TASK OBJECTIVE -
Look below for the lines from the one with "Hermes Sac Ali" to the one with "Série de mármore", and copy exactly those lines, both ends included.
BEGIN INPUT
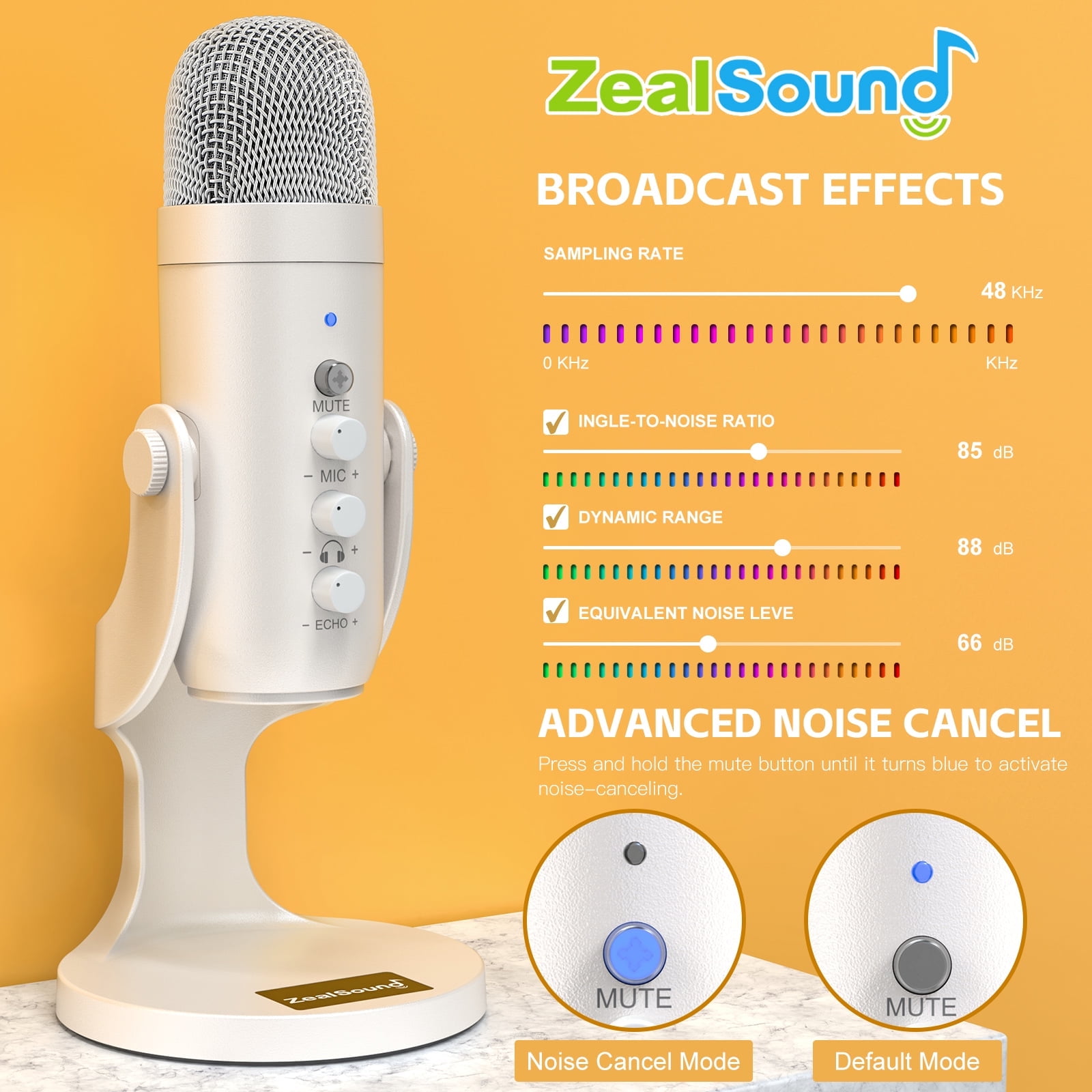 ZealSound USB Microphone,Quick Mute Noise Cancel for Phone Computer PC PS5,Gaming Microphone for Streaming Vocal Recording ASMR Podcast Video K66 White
END INPUT
BEGIN INPUT
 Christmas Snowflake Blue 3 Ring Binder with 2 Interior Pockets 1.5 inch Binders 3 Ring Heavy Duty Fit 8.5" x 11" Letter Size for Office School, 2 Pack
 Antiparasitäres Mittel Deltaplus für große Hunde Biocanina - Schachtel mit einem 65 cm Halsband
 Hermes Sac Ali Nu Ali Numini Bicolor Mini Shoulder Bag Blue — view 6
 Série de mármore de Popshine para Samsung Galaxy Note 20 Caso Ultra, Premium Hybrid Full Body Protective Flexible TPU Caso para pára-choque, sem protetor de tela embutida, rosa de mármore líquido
END INPUT
RESPONSE TO THE TASK -
 Hermes Sac Ali Nu Ali Numini Bicolor Mini Shoulder Bag Blue — view 6
 Série de mármore de Popshine para Samsung Galaxy Note 20 Caso Ultra, Premium Hybrid Full Body Protective Flexible TPU Caso para pára-choque, sem protetor de tela embutida, rosa de mármore líquido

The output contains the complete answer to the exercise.